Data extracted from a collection
-=-=-
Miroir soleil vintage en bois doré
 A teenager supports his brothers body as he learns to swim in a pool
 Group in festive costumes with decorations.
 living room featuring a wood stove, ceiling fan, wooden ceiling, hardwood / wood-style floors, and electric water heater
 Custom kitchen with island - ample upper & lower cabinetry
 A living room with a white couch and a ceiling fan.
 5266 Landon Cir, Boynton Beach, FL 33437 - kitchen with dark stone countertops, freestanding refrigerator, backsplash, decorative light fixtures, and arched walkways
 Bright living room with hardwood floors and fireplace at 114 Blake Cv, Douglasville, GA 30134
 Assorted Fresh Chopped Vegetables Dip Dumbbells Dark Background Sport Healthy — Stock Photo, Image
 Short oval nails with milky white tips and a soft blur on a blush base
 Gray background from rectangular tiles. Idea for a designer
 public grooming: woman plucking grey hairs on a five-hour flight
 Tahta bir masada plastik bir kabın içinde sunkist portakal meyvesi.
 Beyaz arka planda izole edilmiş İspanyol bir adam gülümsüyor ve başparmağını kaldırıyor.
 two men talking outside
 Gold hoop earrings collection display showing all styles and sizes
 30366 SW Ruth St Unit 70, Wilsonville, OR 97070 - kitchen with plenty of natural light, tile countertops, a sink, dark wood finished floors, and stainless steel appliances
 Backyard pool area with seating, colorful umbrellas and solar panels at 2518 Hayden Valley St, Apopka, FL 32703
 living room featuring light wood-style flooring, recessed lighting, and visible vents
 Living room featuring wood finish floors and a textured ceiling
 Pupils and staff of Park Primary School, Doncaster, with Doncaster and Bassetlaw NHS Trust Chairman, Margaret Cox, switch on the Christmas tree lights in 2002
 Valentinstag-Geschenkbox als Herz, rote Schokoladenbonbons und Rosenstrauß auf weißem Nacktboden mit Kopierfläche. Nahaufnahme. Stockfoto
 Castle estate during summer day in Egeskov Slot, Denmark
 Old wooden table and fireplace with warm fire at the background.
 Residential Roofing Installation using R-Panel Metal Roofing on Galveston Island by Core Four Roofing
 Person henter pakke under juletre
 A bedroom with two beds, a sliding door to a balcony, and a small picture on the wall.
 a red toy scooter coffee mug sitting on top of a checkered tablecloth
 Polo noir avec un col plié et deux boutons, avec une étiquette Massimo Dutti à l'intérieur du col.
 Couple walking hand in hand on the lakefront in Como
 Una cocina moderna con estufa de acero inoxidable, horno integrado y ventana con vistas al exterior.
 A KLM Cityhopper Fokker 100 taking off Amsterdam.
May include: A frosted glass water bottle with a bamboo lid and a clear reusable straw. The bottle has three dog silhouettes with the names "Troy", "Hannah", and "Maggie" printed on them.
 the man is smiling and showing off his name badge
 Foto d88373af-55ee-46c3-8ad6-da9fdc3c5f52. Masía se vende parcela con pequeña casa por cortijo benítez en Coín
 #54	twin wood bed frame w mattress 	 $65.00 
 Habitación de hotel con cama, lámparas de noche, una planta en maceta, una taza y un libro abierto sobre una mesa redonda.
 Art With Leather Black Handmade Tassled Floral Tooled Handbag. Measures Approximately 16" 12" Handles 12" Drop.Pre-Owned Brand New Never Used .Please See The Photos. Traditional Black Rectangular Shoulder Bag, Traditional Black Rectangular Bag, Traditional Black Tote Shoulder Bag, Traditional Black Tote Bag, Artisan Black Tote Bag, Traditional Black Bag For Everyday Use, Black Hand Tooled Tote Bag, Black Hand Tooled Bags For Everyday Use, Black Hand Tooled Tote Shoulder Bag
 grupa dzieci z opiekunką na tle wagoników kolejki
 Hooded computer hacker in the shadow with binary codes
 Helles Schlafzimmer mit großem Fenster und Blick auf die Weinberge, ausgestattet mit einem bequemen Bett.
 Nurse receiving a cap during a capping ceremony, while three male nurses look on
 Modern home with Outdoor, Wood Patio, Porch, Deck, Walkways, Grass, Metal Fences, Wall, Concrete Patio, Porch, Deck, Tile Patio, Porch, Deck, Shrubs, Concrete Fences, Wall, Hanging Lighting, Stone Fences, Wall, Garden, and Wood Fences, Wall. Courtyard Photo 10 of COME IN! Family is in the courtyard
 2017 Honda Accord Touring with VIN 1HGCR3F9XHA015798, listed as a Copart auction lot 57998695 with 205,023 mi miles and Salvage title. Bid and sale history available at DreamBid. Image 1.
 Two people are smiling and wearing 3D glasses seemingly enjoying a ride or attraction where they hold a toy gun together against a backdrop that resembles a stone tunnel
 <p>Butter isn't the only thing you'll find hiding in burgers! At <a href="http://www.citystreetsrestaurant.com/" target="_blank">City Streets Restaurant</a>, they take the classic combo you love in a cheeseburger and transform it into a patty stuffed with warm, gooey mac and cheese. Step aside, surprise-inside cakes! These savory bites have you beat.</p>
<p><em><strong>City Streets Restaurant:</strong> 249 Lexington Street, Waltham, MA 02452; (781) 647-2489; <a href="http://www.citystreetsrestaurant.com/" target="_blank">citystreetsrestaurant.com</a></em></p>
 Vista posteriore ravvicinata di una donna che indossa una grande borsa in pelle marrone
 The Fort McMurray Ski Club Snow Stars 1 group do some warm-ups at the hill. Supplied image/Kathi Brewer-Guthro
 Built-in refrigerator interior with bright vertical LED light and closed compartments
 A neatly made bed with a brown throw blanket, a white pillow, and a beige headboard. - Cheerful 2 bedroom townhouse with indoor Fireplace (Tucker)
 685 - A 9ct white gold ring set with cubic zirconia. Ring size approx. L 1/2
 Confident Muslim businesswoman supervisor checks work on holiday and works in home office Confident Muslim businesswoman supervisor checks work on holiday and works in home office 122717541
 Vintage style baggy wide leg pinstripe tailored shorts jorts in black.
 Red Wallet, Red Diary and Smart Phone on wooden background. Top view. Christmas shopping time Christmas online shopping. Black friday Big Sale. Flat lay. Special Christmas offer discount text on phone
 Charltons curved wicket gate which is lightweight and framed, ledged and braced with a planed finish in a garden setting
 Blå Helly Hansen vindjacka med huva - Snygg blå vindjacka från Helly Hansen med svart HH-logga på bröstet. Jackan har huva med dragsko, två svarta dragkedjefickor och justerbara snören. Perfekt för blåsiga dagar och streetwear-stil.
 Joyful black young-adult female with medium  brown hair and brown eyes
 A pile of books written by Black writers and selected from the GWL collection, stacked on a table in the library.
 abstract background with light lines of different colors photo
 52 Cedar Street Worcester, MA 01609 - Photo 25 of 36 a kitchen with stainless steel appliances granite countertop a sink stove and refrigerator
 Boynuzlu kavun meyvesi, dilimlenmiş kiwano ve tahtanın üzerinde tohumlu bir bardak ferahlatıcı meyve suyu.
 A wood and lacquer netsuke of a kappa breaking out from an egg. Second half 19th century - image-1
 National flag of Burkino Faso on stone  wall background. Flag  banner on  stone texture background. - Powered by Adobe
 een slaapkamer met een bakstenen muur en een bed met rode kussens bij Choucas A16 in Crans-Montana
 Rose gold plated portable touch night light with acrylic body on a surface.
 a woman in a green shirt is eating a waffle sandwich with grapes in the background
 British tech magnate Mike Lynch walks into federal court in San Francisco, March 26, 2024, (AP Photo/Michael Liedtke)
-=-=-
=== TASK INSTRUCTIONS ===
Reproduce exactly, and only, the lines from the start of the entries through the one that contains "two men talking outside".

=== COMPLETED EXERCISE ===
Miroir soleil vintage en bois doré
 A teenager supports his brothers body as he learns to swim in a pool
 Group in festive costumes with decorations.
 living room featuring a wood stove, ceiling fan, wooden ceiling, hardwood / wood-style floors, and electric water heater
 Custom kitchen with island - ample upper & lower cabinetry
 A living room with a white couch and a ceiling fan.
 5266 Landon Cir, Boynton Beach, FL 33437 - kitchen with dark stone countertops, freestanding refrigerator, backsplash, decorative light fixtures, and arched walkways
 Bright living room with hardwood floors and fireplace at 114 Blake Cv, Douglasville, GA 30134
 Assorted Fresh Chopped Vegetables Dip Dumbbells Dark Background Sport Healthy — Stock Photo, Image
 Short oval nails with milky white tips and a soft blur on a blush base
 Gray background from rectangular tiles. Idea for a designer
 public grooming: woman plucking grey hairs on a five-hour flight
 Tahta bir masada plastik bir kabın içinde sunkist portakal meyvesi.
 Beyaz arka planda izole edilmiş İspanyol bir adam gülümsüyor ve başparmağını kaldırıyor.
 two men talking outside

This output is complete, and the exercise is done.